Corn futures are mixed, with old-crop weaker and new-crop firmer.
- A lack of fresh news is leaving traders to engage in some light bull spread unwinding.
- Heavy precip is falling in the heart of the Corn Belt today and more is on the way. The most recent 6- to 10-day weather outlook has turned wetter; it now shows above-average precip chances for most of the Corn Belt.
- This plus an outlook for temps to remain below normal makes it unlikely corn seedings will reach USDA's projected 97.3 million acres.
- Gulf corn basis fell 1 to 4 cents for near-term delivery this morning, signaling the recent price improvement has spurred some farmer selling and/or slowed export demand.
- Weekly ethanol production last week declined 22,000 barrels per day (bpd) to 832,000 bpd. Ethanol stocks also tightened by 300,000 barrels from week-ago to 17.5 million barrels.
Soybean futures have softened from the overnight session to trade 4 to 6 cents lower in old-crop contracts, while new-crop is around 4 to 8 cents lower.
- Selling is picking up in the bean market as traders reverse yesterday's corrective gains amid a sharply higher U.S. dollar.
- Plus, heavy rain in the Corn Belt this week and an extended forecast calling for more precip and chilly temps makes it likely some corn acres will be switched to beans.
- Meanwhile, the source of the Chinese bird flu has yet to the identified and the number of cases and deaths continue to rise. This is reducing the country's feed needs and thus remains an underlying source of pressure on soybean futures.
- A 3-cent decline in Gulf basis for April delivery is indicative of slowing export demand.
Wheat futures have rallied to trade mostly 4 to 6 cents higher in Chicago and roughly 3 to 5 cents higher in Kansas City and Minneapolis.
- Minneapolis wheat is being supported by snow in the forecast for the Northern Plains that would further delay already slow spring wheat planting.
- Light support for Kansas City wheat also stems from chances for sub-freezing temps in the Central and Southern Plains April 18-19.
- There is also talk of acreage abandonment in HRW wheat country after last week's freeze event. The full impact of this event will not be known for some time.
- But countering this is a storm system bringing beneficial heavy precip to these regions.
- The rally is especially impressive considering a sharply higher U.S. dollar index.
Live cattle futures are off to a mixed start with nearby contracts favoring the upside. Feeder cattle futures are slightly lower.
- Thus far, feedlots have stood their ground after light cash cattle sales at $125 Monday in Texas and Iowa. This was down $2 from the bulk of last week's trade.
- While showlist estimates are up sharply and packers continue to cut in the red, the boxed beef market did improve yesterday. Therefore, some traders expect active cash trade to take place at $126 this week.
- Choice boxed beef values rose 56 cents and Select was up 2 cents on solid movement of 192 loads yesterday.
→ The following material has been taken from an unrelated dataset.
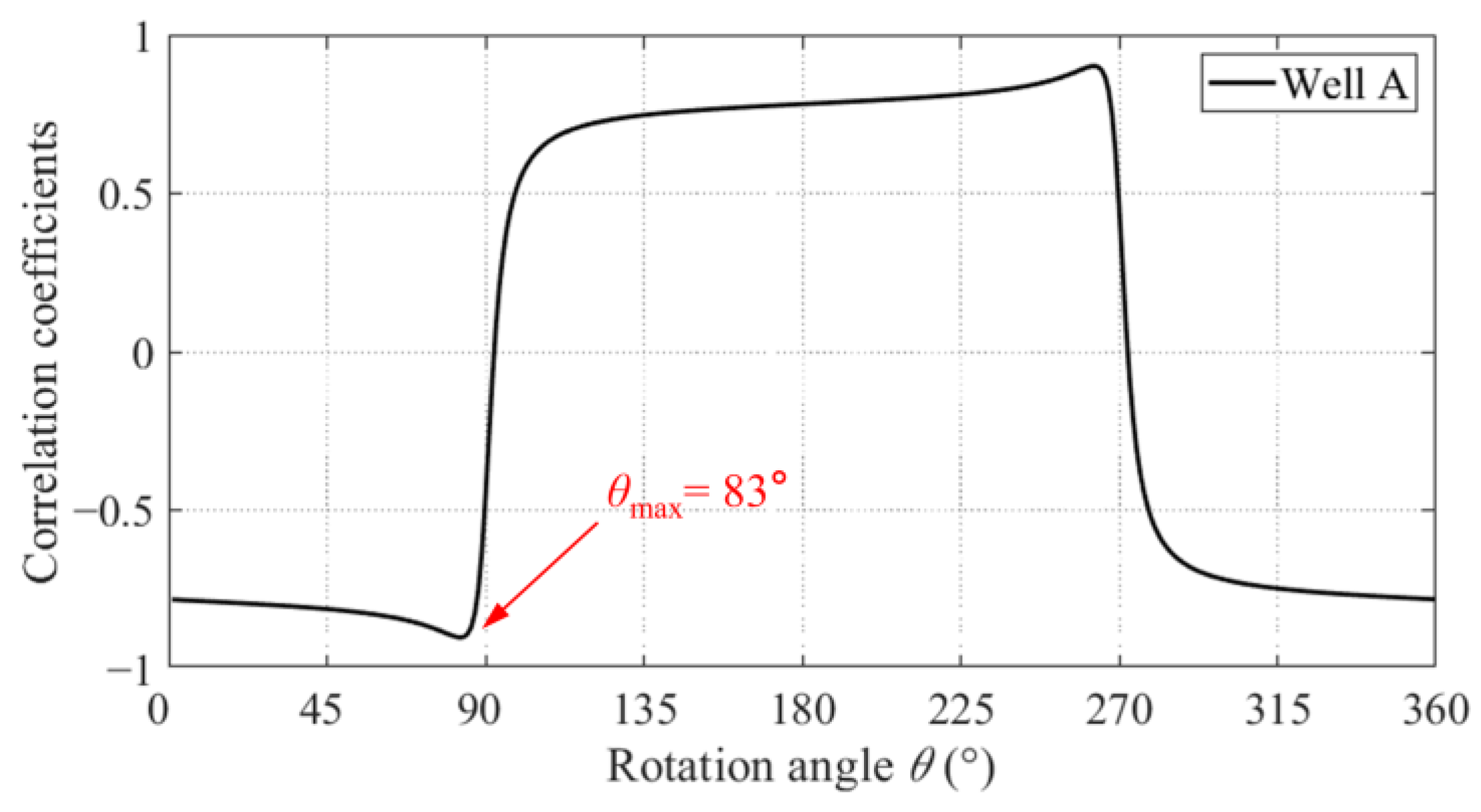 Energies 16 07514 g012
If movement and prices continue to rise, this could signal retailers are stocking up for spring grilling features.
- Expectations Friday's Cattle on Feed Report will remind traders of tightening supplies is also encouraging light short-covering.
- But outside markets are limiting buying interest, as a sharply higher U.S. dollar index could further trim export demand.
Lean hog futures are posting slight losses in most contracts this morning.
- Packers are well supplied on near-term needs and profit margins are just barely above breakeven. Thus, cash hog bids are steady to lower this morning. This along with sharp gains in the U.S. dollar index is weighing on lean hog futures.
- But selling interest is being kept in check by expectations supplies will soon tighten as per the seasonal trend and amid signs of improving pork demand.
- The pork cutout value rose 60 cents and movement picked up to 422.7 loads yesterday.
- Traders appear to be in no rush to narrow the wide premium nearby contracts hold to the cash hog index. This signals they expect a seasonal rally is ahead.